Masters of War
by Bob Dylan

 

Friends,

Back in the biblical day it was custom for Rabbis to summarise their teaching in a prayer. Therefore what we call The Lord’s Prayer, is more than likely Jesus’ teaching summary. A summary that Jesus’ followers are invited to meditate on and act on. The core of Jesus’ teaching summary focuses on the need for daily bread and the forgiveness of debts. In other words, justice and mercy are central to the Jesus-way of Life-Giving-Living.

Story after story in the Gospels invite us to grow in justice and mercy and to do so not only with our neighbours but also with our enemies. In short, with everyone.

This seems impossibly difficult, yet many of us are both recipient and practitioner of this Jesus-way of Life-Giving-Living on a micro scale maybe without even realising it. In every loving family Life-Giving-Living is practiced through the sharing of daily bread and the forgiveness of debts. Without fair sharing and repeated forgiveness a family would not last.

Returning to Jesus’ teaching summary, we are reminded that it begins with the words: “Our Parent…” Jesus’ teaching begins by informing us that we belong to one human family. To call God “Our Parent…” is to recognise that we are each other’s siblings. Jesus’ teaching summary invites us to claim this as the real reality of every relationship we are in. Jesus knows that unless we are able to recognise each other as family we will not be able to practice the justice and mercy necessary for Life-Giving-Living. The saving of the world will be determined by those who trust and live out the truth of this three letter word OUR.

From Jesus’ perspective of universal family, the language of “love of one’s own” or “these are my people” or “God is on our side” is made obsolete. This language often defines “one’s own” or “my people” or “our side” by nationality, language, culture, skin colour, religion, etc. It leads to the feeling, “When I walk the streets of the Johannesburg CBD, I become a foreigner in my own country”. And this leads to the slogan, “Put South Africans First”. And this leads to the formation of Operation Dudula. It is the language of nationalism, sectarianism, xenophobia and war. It is the language of Vladimir Putin. It is also the language of many of us.

For this reason Jesus kept opening the eyes of the blind. The blind being those of us who fail to recognise a sister and brother in the person next to us and across the way from us. On this Transfiguration Sunday let us pray for our eyes to be opened that our seeing of each other may be gloriously transfigured. This was the amazing gift given to Thomas Merton in Louisville, at the corner of Fourth and Walnut … may it happen to us.

“In Louisville, at the corner of Fourth and Walnut, in the center of the shopping district, I was suddenly overwhelmed with the realization that I loved all those people, that they were mine and I theirs, that we could not be alien to one another even though we were total strangers. It was like waking from a dream of separateness, of spurious self-isolation in a special world, the world of renunciation and supposed holiness. The whole illusion of a separate holy existence is a dream…

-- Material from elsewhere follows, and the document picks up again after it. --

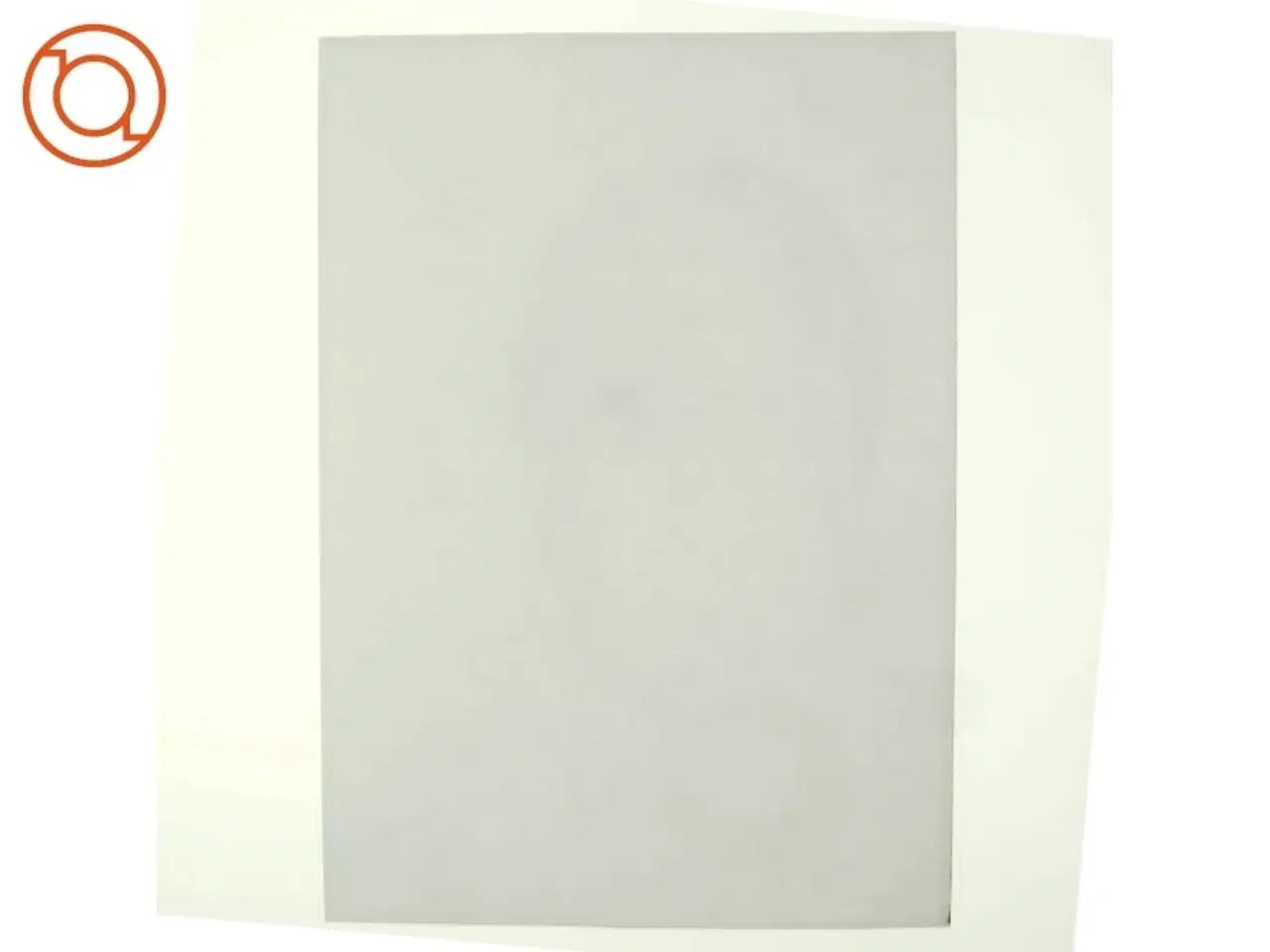 Billede 5 - Lang halskæde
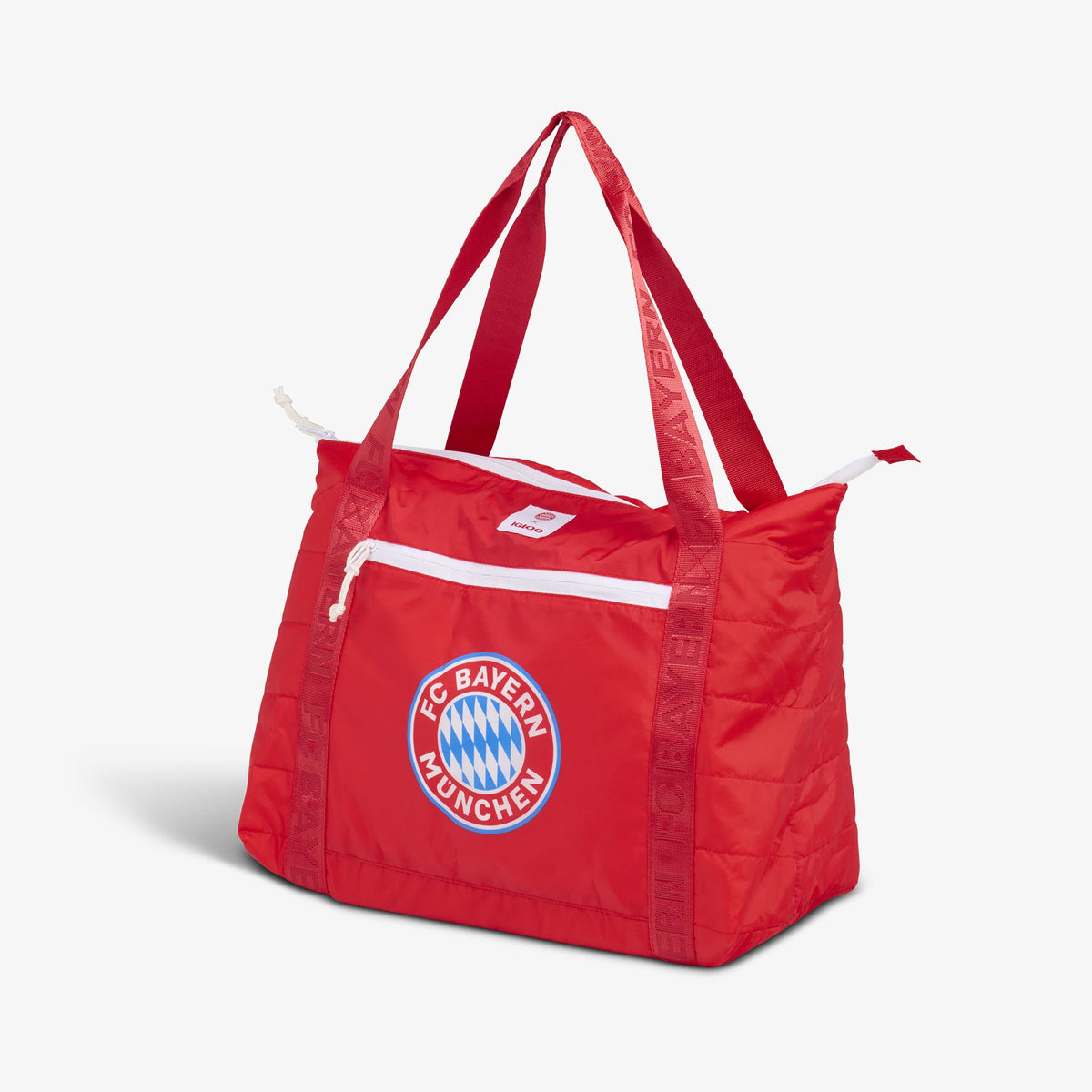 fc-bayern-munchen-packable-puffer-20-can-cooler-bag-z4 00027900-H1.jpg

“This sense of liberation from an illusory difference was such a relief and such a joy to me that I almost laughed out loud…. It is a glorious destiny to be a member of the human race, though it is a race dedicated to many absurdities and one which makes many terrible mistakes: yet, with all that, God Himself (sic) gloried in becoming a member of the human race. A member of the human race! To think that such a commonplace realization should suddenly seem like news that one holds the winning ticket in a cosmic sweepstake…

“There is no way of telling people that they are all walking around shining like the sun… There are no strangers! … If only we could see each other [as we really are] all the time. There would be no more war, no more hatred, no more cruelty, no more greed… I suppose the big problem would be that we would fall down and worship each other…

“At the center of our being is a point of nothingness which is untouched by sin and by illusion, a point of pure truth, a point or spark which belongs entirely to God, which is never at our disposal, from which God disposes our lives, which is inaccessible to the fantasies of our own mind or the brutalities of our own will. This little point of nothingness and of absolute poverty is the pure glory of God in us. It is so to speak His name written in us, as our poverty, as our indigence, as our dependence, as our sonship (sic). It is like a pure diamond, blazing with the invisible light of heaven. It is in everybody, and if we could see it we would see these billions of points of light coming together in the face and blaze of a sun that would make all the darkness and cruelty of life vanish completely.

“I have no program for this seeing. But the gate of heaven is everywhere.”